• [PROBLEM] Could you retype the lines below, starting at the line holding "A 20th century" and stopping at the line holding "Een mes met", inclusive? Copy them exactly and drop the images.
**** ENTRIES PROVIDED ****
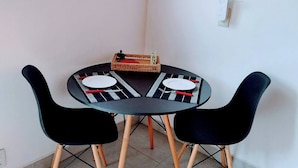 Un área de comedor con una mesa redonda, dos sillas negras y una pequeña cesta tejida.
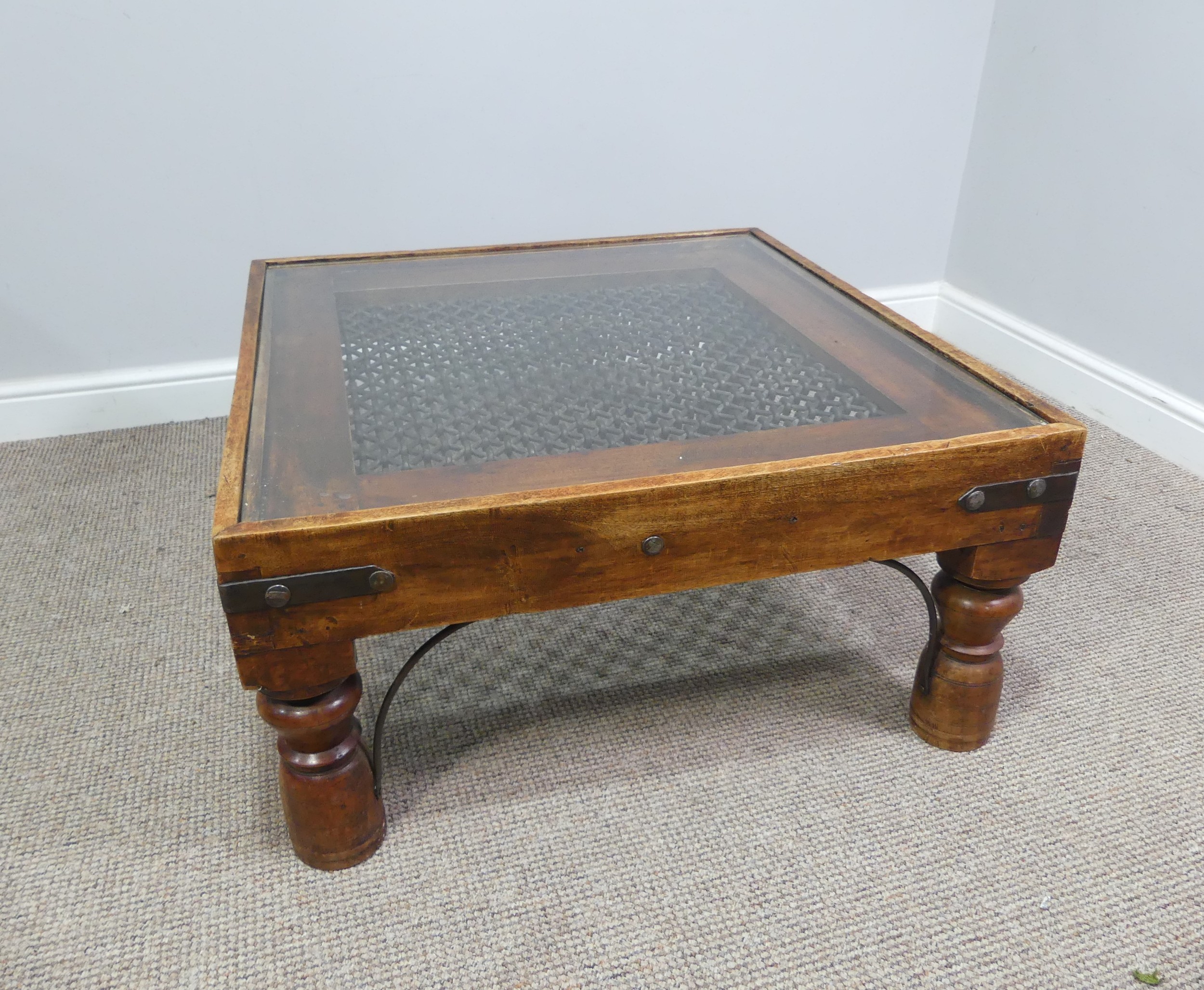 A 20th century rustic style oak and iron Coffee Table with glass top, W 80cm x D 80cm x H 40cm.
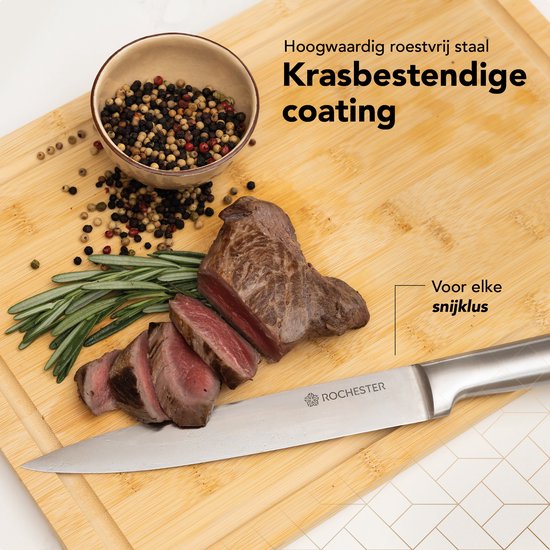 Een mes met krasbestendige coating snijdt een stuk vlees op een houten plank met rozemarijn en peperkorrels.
****
**** ENTRIES PROVIDED ****
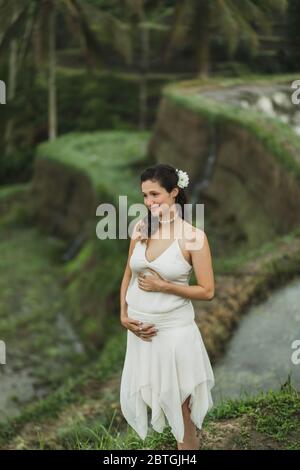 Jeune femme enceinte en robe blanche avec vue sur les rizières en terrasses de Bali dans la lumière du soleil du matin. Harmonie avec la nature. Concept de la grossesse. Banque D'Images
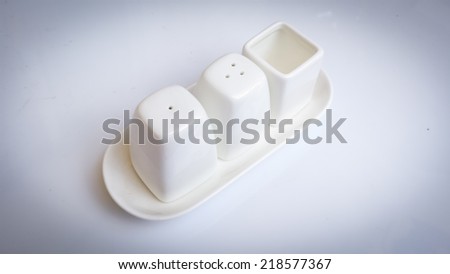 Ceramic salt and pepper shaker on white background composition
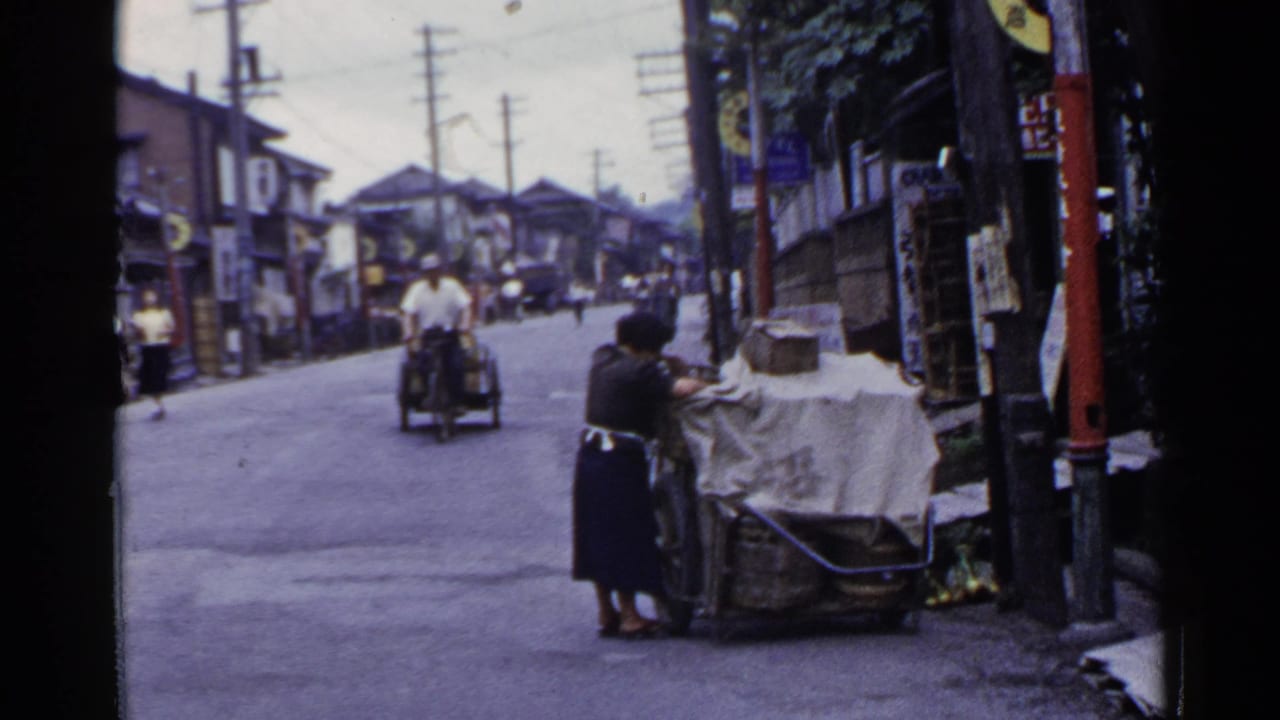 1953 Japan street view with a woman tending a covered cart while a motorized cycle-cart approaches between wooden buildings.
****
• [RESPONSE TO THIS TASK]
 A 20th century rustic style oak and iron Coffee Table with glass top, W 80cm x D 80cm x H 40cm.
 Een mes met krasbestendige coating snijdt een stuk vlees op een houten plank met rozemarijn en peperkorrels.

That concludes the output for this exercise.